◆ **SUPPLIED DATA**:
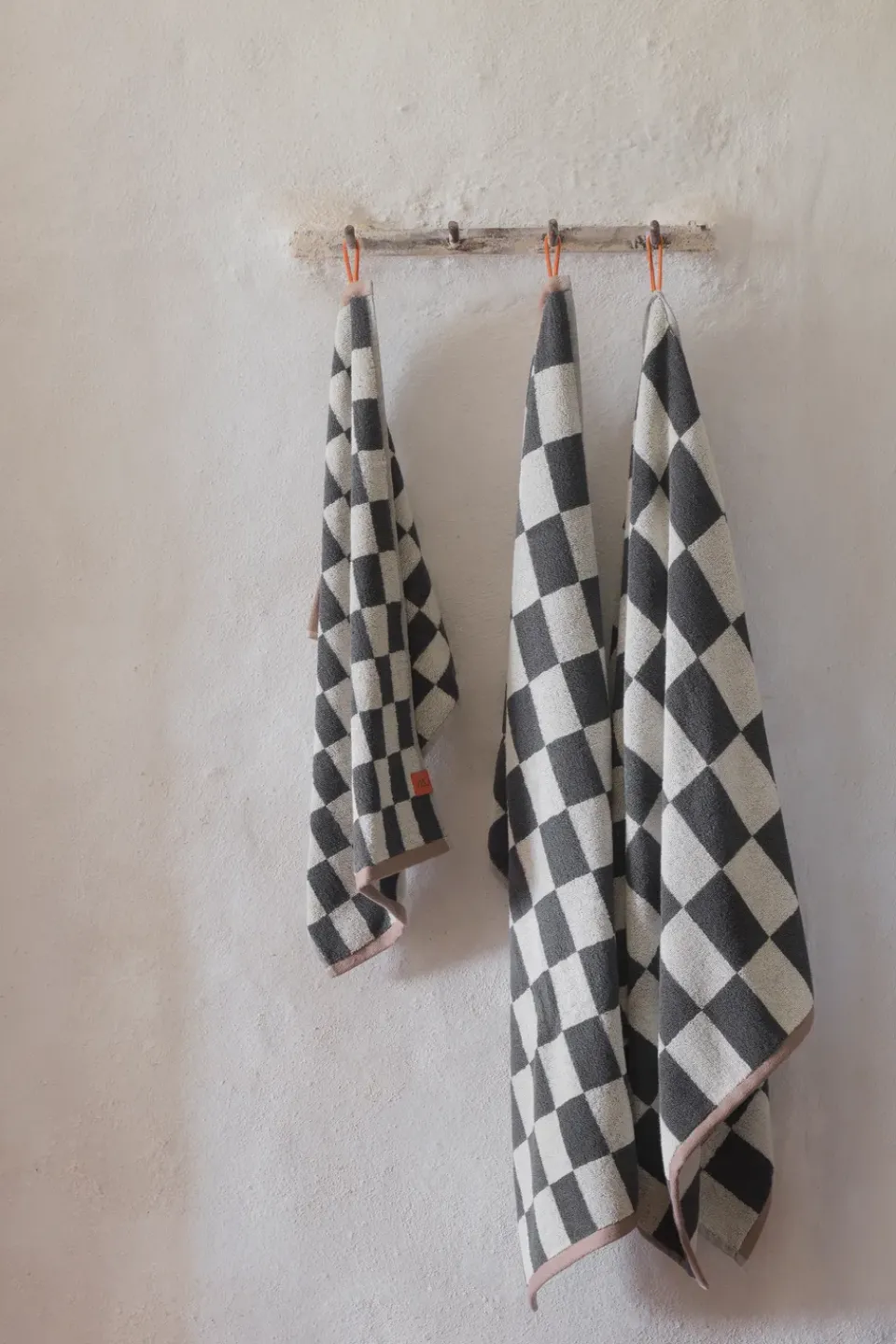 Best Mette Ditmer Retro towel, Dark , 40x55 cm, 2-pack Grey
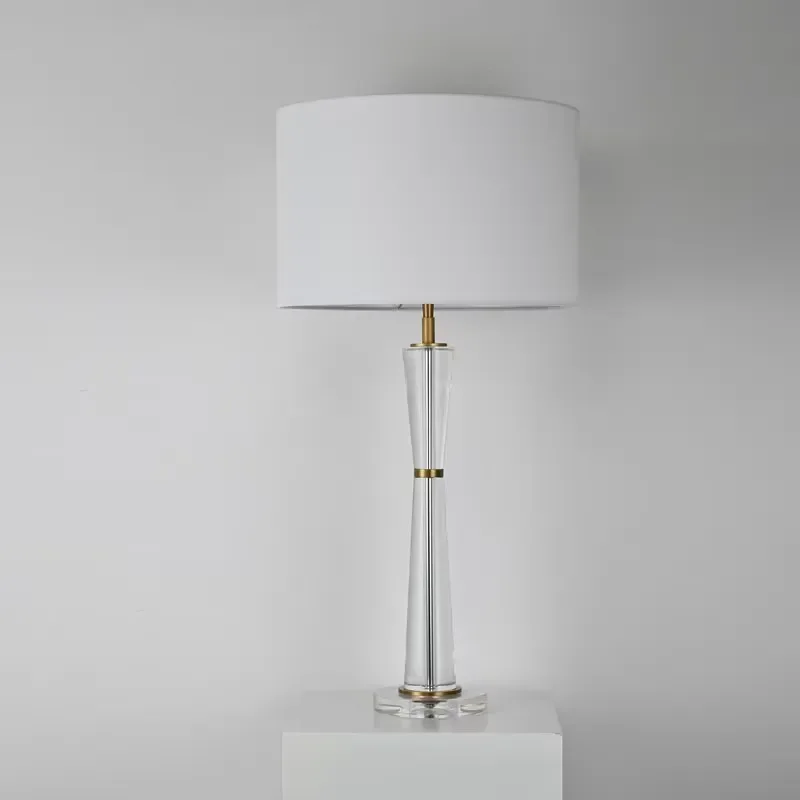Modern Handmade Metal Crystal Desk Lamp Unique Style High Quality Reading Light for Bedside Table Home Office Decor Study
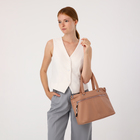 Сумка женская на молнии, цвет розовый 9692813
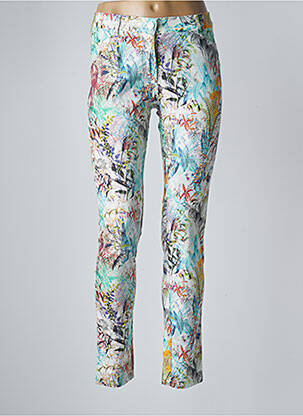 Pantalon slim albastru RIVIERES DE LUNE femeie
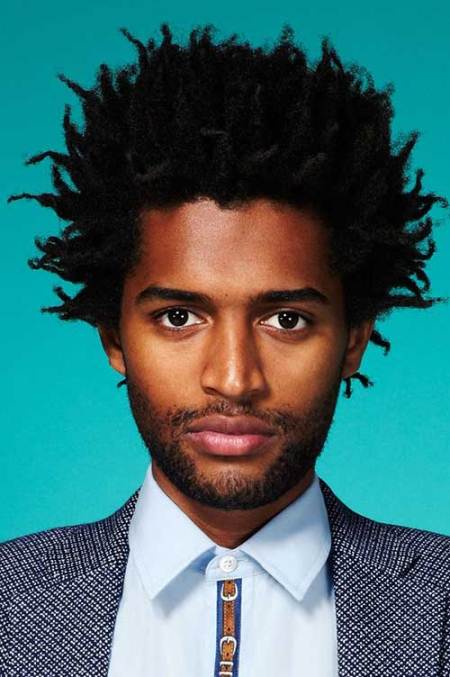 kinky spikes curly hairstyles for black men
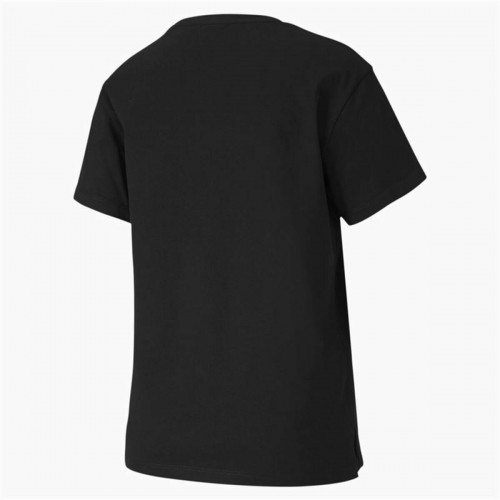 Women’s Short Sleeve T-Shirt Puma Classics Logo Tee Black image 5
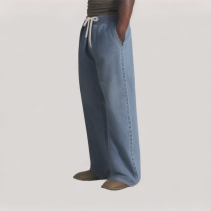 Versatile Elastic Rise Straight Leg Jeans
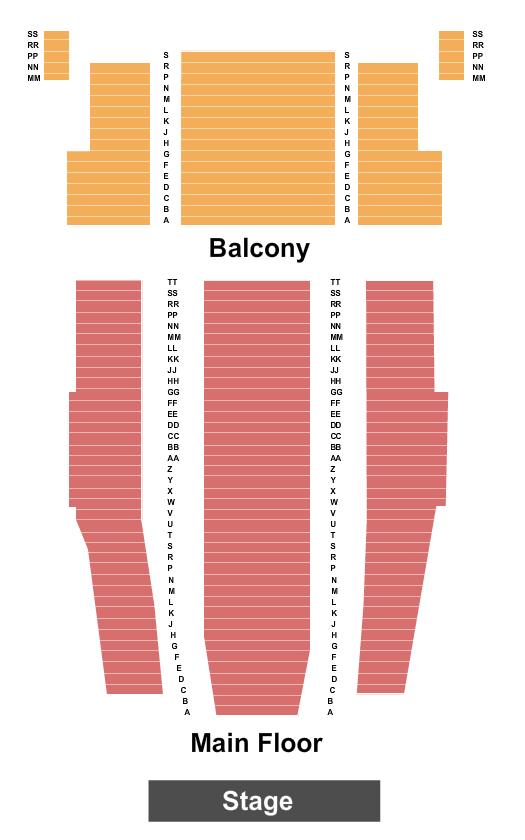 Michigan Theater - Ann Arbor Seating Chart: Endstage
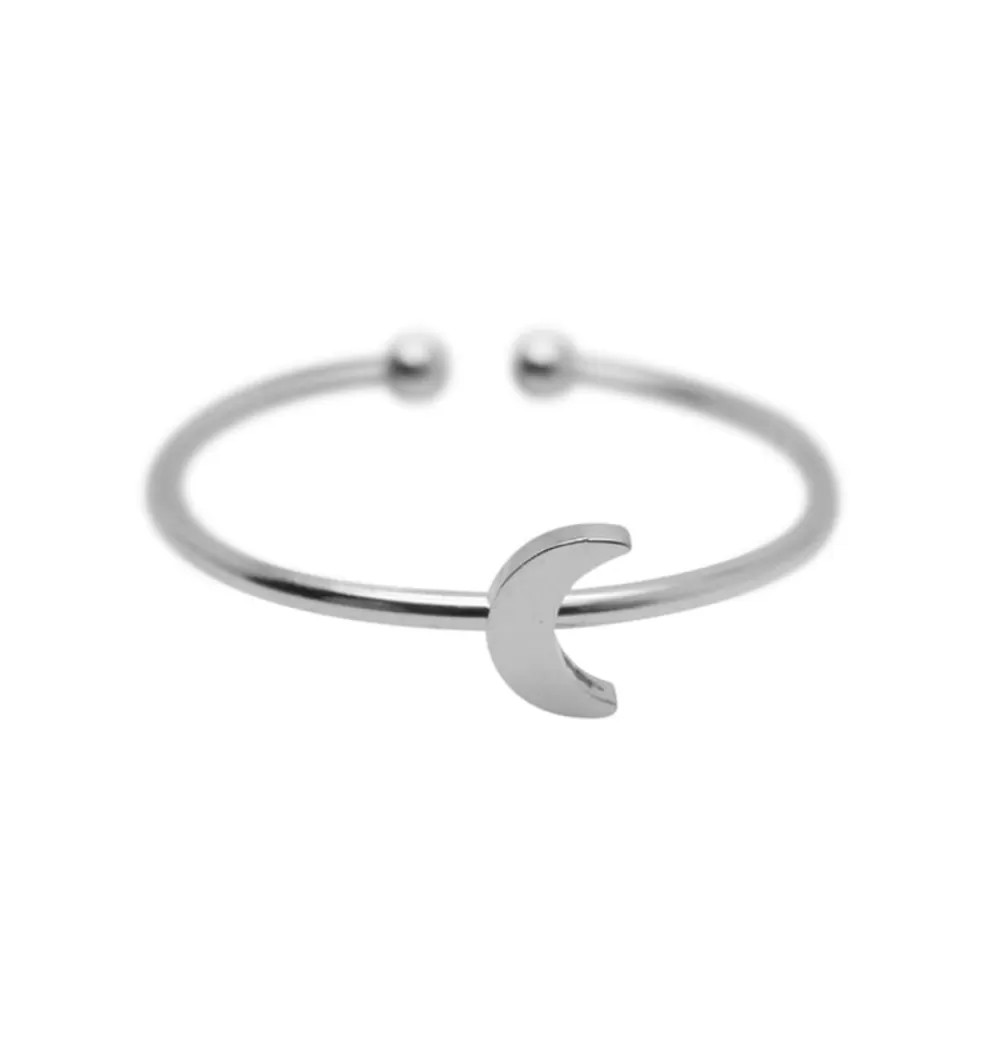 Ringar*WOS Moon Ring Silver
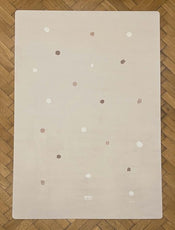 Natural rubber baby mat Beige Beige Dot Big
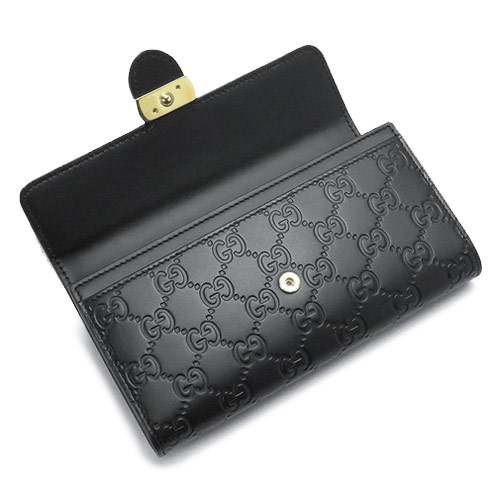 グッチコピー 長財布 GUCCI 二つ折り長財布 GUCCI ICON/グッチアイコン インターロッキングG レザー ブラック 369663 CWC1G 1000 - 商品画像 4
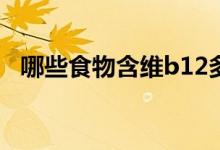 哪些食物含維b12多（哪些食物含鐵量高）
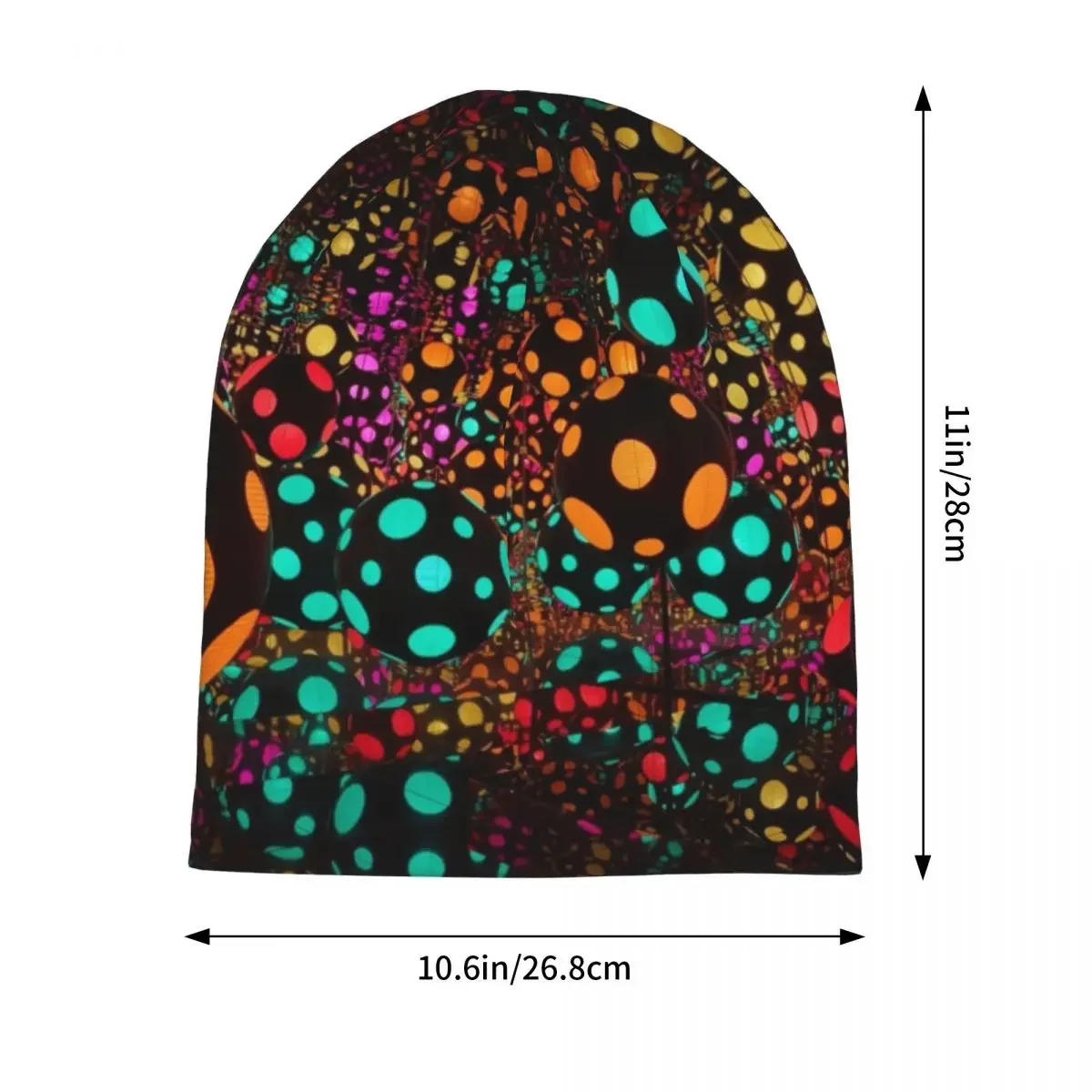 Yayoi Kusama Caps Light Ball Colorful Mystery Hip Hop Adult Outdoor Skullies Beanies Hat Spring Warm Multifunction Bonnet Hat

◆ **TASK PROMPT**:
Print exactly the lines running from the start of the entries above to the line with "哪些食物含維b12多（哪些食物含鐵量高）", both included; leave out any pictures.

◆ **RESPONSE**:
 Best Mette Ditmer Retro towel, Dark , 40x55 cm, 2-pack Grey
Modern Handmade Metal Crystal Desk Lamp Unique Style High Quality Reading Light for Bedside Table Home Office Decor Study
 Сумка женская на молнии, цвет розовый 9692813
 Pantalon slim albastru RIVIERES DE LUNE femeie
 kinky spikes curly hairstyles for black men
 Women’s Short Sleeve T-Shirt Puma Classics Logo Tee Black image 5
 Versatile Elastic Rise Straight Leg Jeans
 Michigan Theater - Ann Arbor Seating Chart: Endstage
 Ringar*WOS Moon Ring Silver
 Natural rubber baby mat Beige Beige Dot Big
 グッチコピー 長財布 GUCCI 二つ折り長財布 GUCCI ICON/グッチアイコン インターロッキングG レザー ブラック 369663 CWC1G 1000 - 商品画像 4
 哪些食物含維b12多（哪些食物含鐵量高）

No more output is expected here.